> **DATASET EXTRACT**:
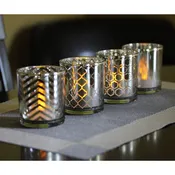 12pc Glass Votive Candle Holders, Silver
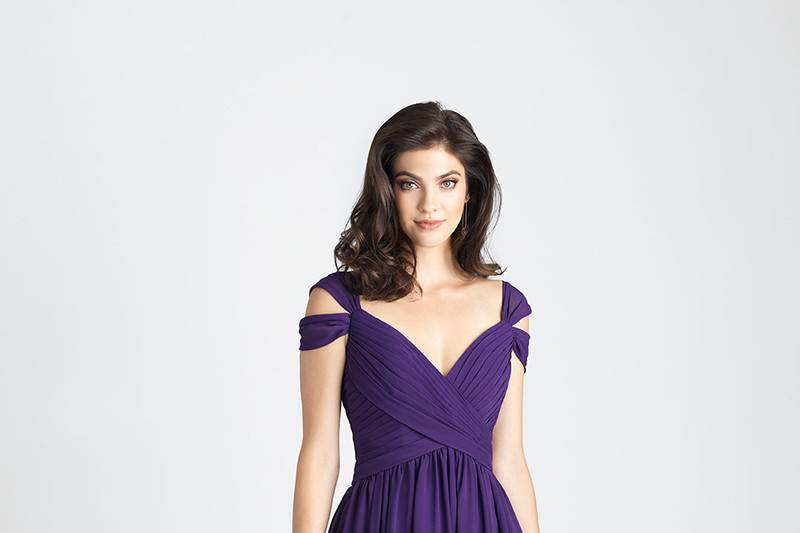 Style 1504		We embraced the look of the season with this chic off-shoulder gown. // Pictured in Eggplant.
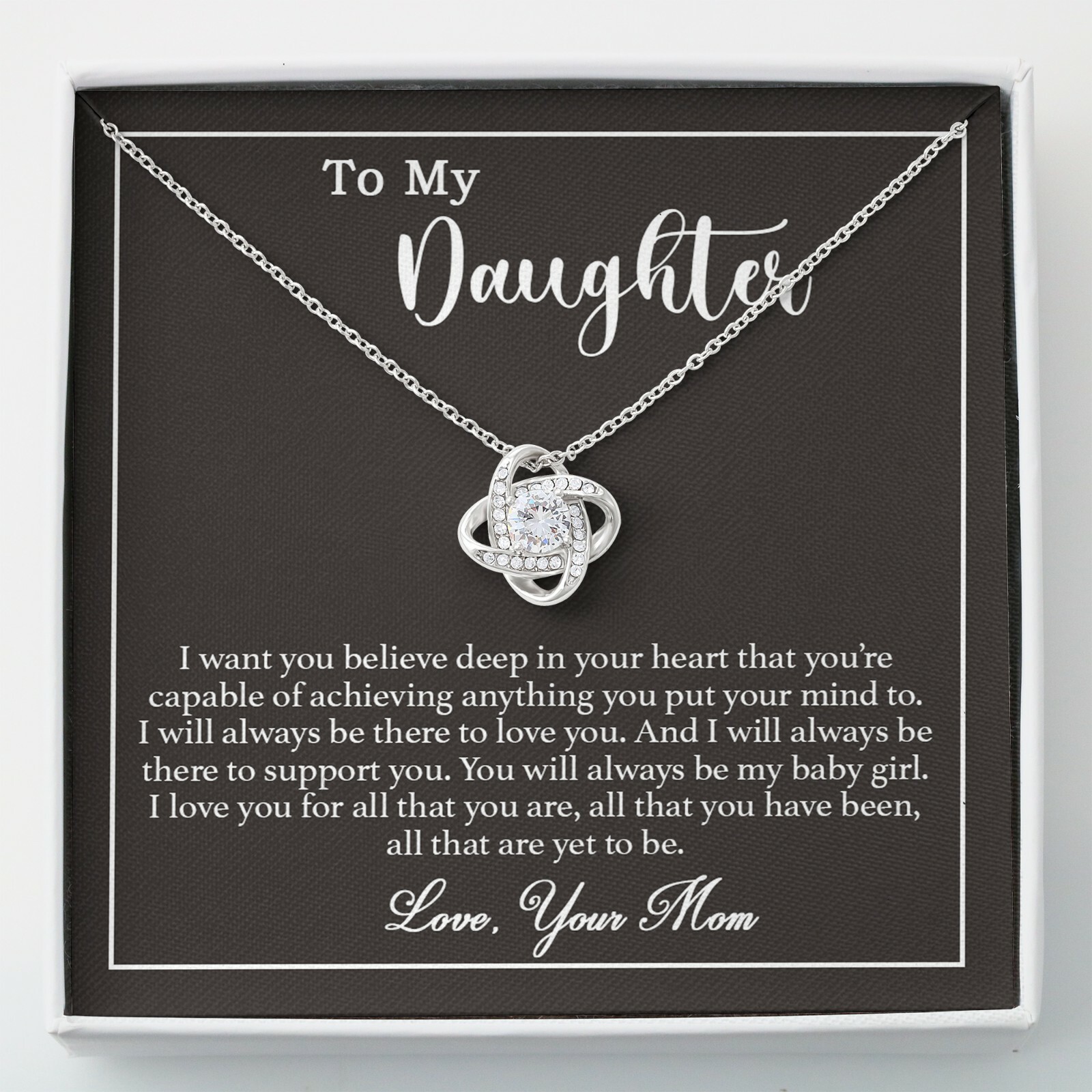 To My Daughter Necklace, Daughter Father Necklace, Daughter Gift from Mom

> **WORK ITEM**: Could the listing above be transcribed exactly, with the pictures left out?

> **RESPONSE AREA**:
 12pc Glass Votive Candle Holders, Silver
 Style 1504		We embraced the look of the season with this chic off-shoulder gown. // Pictured in Eggplant.
 To My Daughter Necklace, Daughter Father Necklace, Daughter Gift from Mom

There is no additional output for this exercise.